Ever since, the family spent a big fortune on monthly blood transfusions and iron chelation medicines for the twins. It was a tough call for Amit, who was a contractual worker with a transporter. “We had to borrow money from our relatives and pawn off some of my wife Aparna’s jewellery to pay the high medical bills,” said Amit.

The Jadhavs did the rounds of several hospitals in Mumbai and Pune to get treatment for their daughters. It was on one such visit to MGM Hospital, Navi Mumbai, that they learnt about a successful bone marrow transplant of another thalassemia-affected child at Haji Ali-based SRCC Children’s Hospital, in January this year.
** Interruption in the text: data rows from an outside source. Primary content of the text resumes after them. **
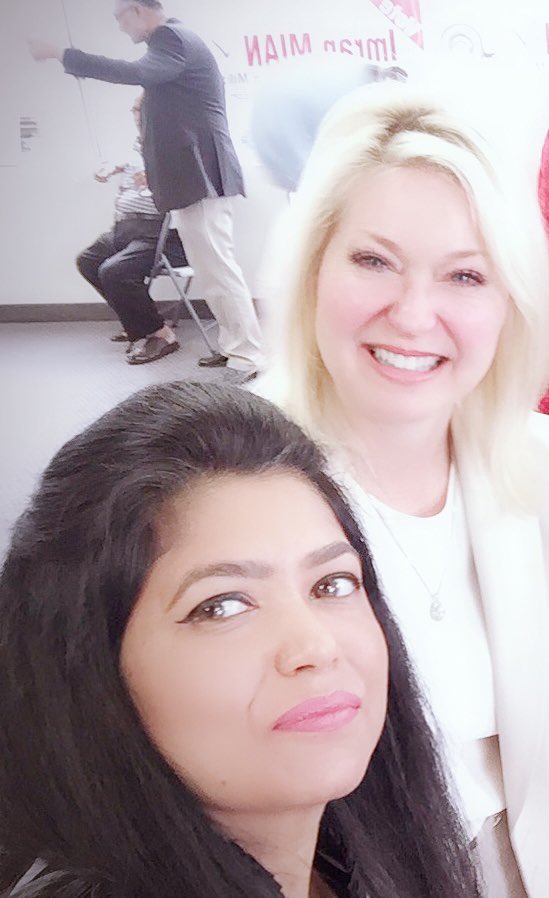snajmi23's tweet photo. Meet ang Greet on opening of Imran Mian Campaign Office #ImranNow. With our favorite MPP @iamIqraKhalid @IqraKhalidMP and beautiful Mayor @BonnieCrombie and next MPP @imranmian https://t.co/mG52Cw6p81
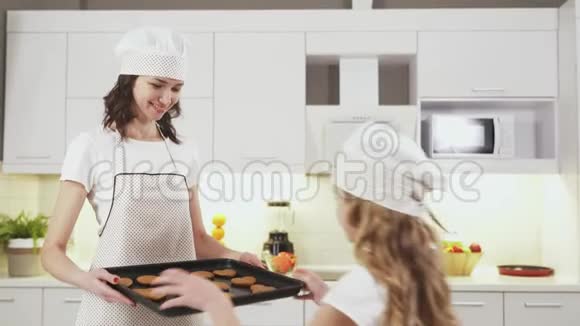 漂亮的女人和她的小女儿在做饼干视频的预览图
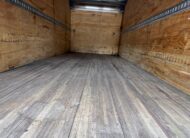 2017-isuzu-box-truck-liftgate-interior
It gave them the courage to go forth. They first had the three tested for human leukocyte antigens (HLA) to assess if Raj could be a donor. “Fortunately, the girls are identical twins and the brother was a 100% match – a very rare instance. We were very confident about the success of a transplant,” said Dr Ruchira Misra, pediatric hematologist and a senior consultant at the hospital.

Finance was a concern again, and it didn’t help that Raj had lost his job six months ago. Relatives pitched in and saved the day and the transplant was done at the hospital in August. “All my three children were in great pain while in the hospital,” said Aparna, recalling the time two months ago.

Luckily, the girls’ bodies accepted the grafting. They have been visiting the hospital regularly for check-ups and post-operative monitoring, which will continue for another year.

Over the last couple of months, Amit and Raj have been living in their village while Aparna has moved to a rented accommodation in Panvel with the girls for post-operative care. Nearly 80% of the treatment is complete, said Dr Misra, who is confident that the girls have overcome the disease.

“Although I am drowning in debt and worried about the financial future of our family, I am a very happy man today. My daughters will not be sick or visit hospitals as often now,” said Amit.

In India, more than 10,000 children are born thalassemia every year, half of whom don’t survive beyond the age of 20 due to lack of resources and treatment. More than 40 lakh Indians are carriers of thalassemia.